▶ _To do_:
Leave the images aside and copy out the whole listing, exact to the word.

▶ _Recorded data_:
Start of Block
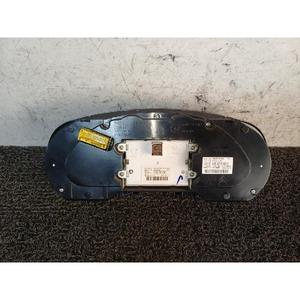 Tableau de bord d'occasion OEM 9666247580 pour Peugeot 3008 T84 2010 – Remplacement direct - Product Image 3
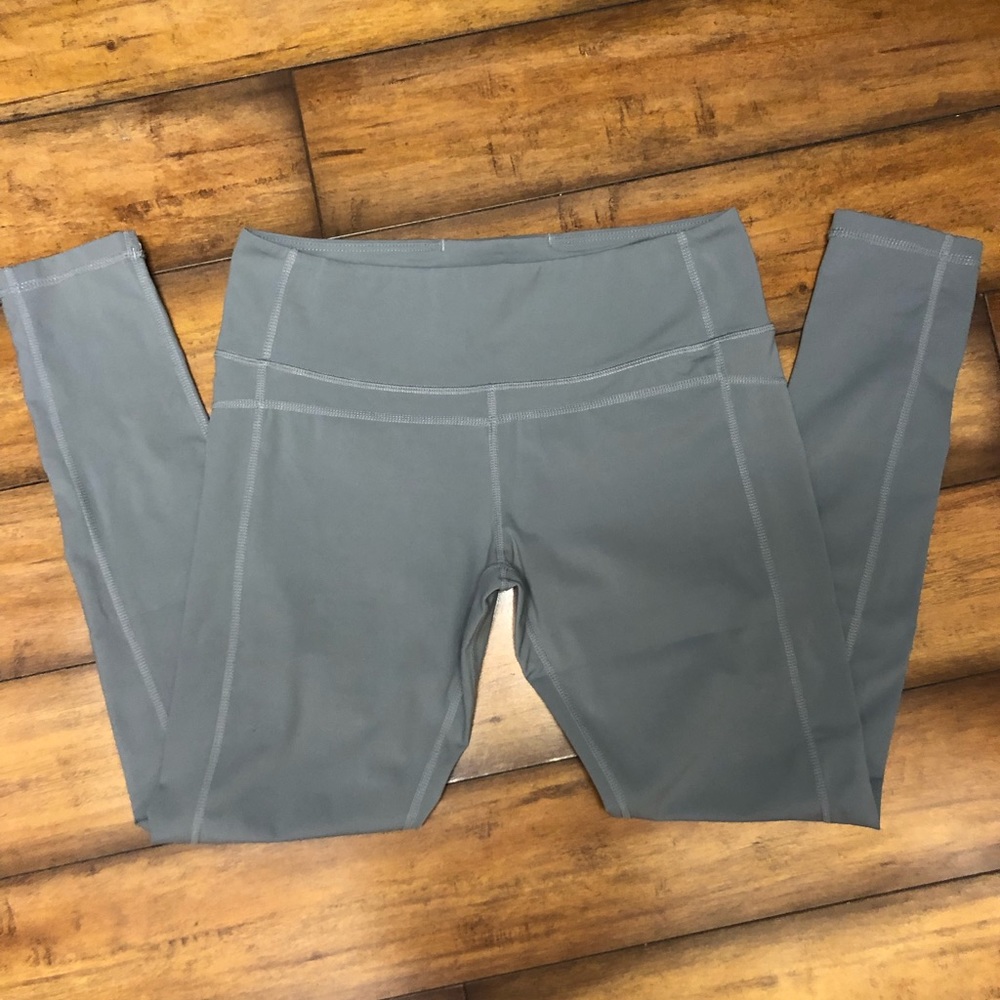 Lulu lemon leggings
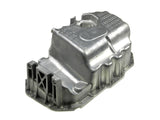 Skoda Roomster 2006-2015 1.6 Aluminium Engine Oil Sump Pan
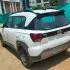 car-img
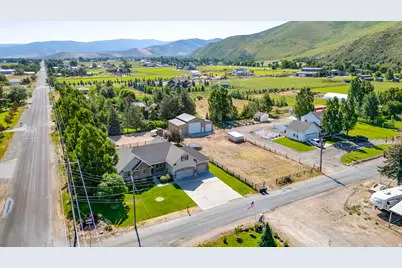 3035 S Big Hollow Rd, Heber City, UT 84032 - Photo 64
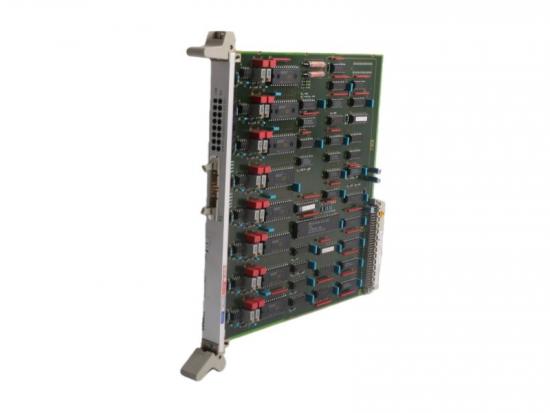 Siemens 6DD1641-0AC0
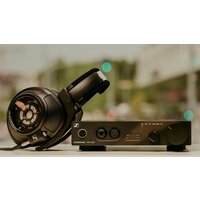 Sennheiser HD 820 Image #10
End of Block
▶ _Reply_:
 Tableau de bord d'occasion OEM 9666247580 pour Peugeot 3008 T84 2010 – Remplacement direct - Product Image 3
 Lulu lemon leggings
 Skoda Roomster 2006-2015 1.6 Aluminium Engine Oil Sump Pan
 car-img
 3035 S Big Hollow Rd, Heber City, UT 84032 - Photo 64
 Siemens 6DD1641-0AC0
 Sennheiser HD 820 Image #10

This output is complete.